About the Workshop
The rapidly-growing area of learning-augmented algorithms, also known as algorithms with predictions, provides a principled framework for algorithm design that integrates imperfect prior information, most notably machine-learned predictions, while maintaining rigorous, provable performance guarantees. Its central goal is to translate advances in modern AI into reliable algorithmic improvements: algorithms should benefit from accurate predictions to achieve near-optimal performance, yet remain robust and reliable when predictions are inaccurate. This perspective raises fundamental questions at the interface of theoretical computer science and AI about how to represent and evaluate predictive information and how to integrate it into algorithmic decision-making in a controlled way.
This workshop aims to bring together researchers across AI/ML and algorithms to discuss recent progress and identify emerging directions and applications.
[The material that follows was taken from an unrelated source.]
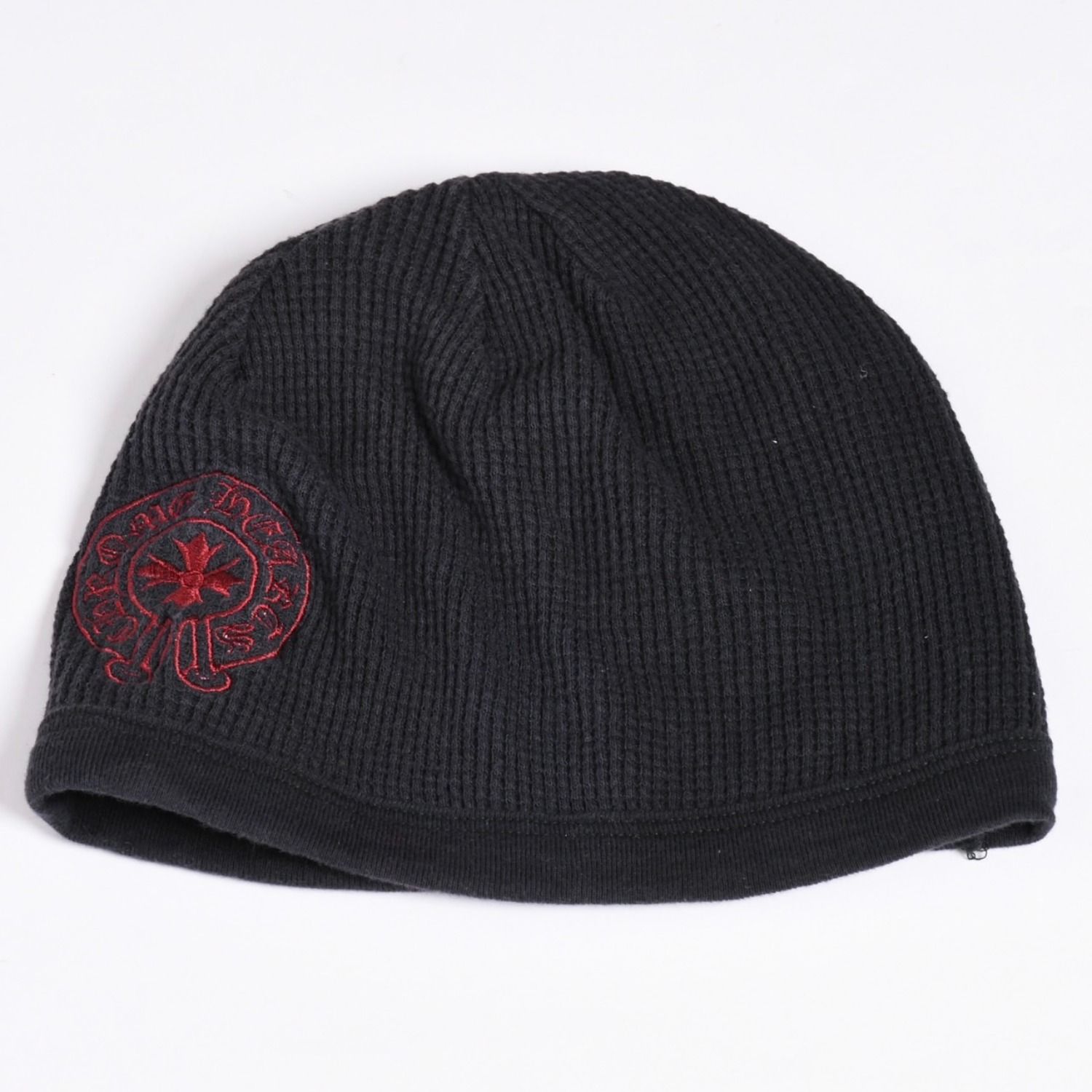 CHROME HEARTS クロムハーツ ニット帽 サーマルニット帽 ロゴコットン ホースシュー ブラック レッド 美品 中古 4a001967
List of relevant topic areas
• Algorithm design with predictions
• Mechanism design with predictions
• Prediction models
• Error notions
• Consistency-robustness tradeoffs
• Generative AI/LLMs in algorithm design
Submission deadline: May 15, 2026
Notification of acceptance: June 1, 2026
One-day Workshop: August 15, 2026
The workshop takes place at IJCAI-ECAI 2026 in Bremen, Germany. This will be a one day fully in-person meeting consisting of technical sessions, two keynote speakers, and an open problem session aimed at discussion and fostering collaborations.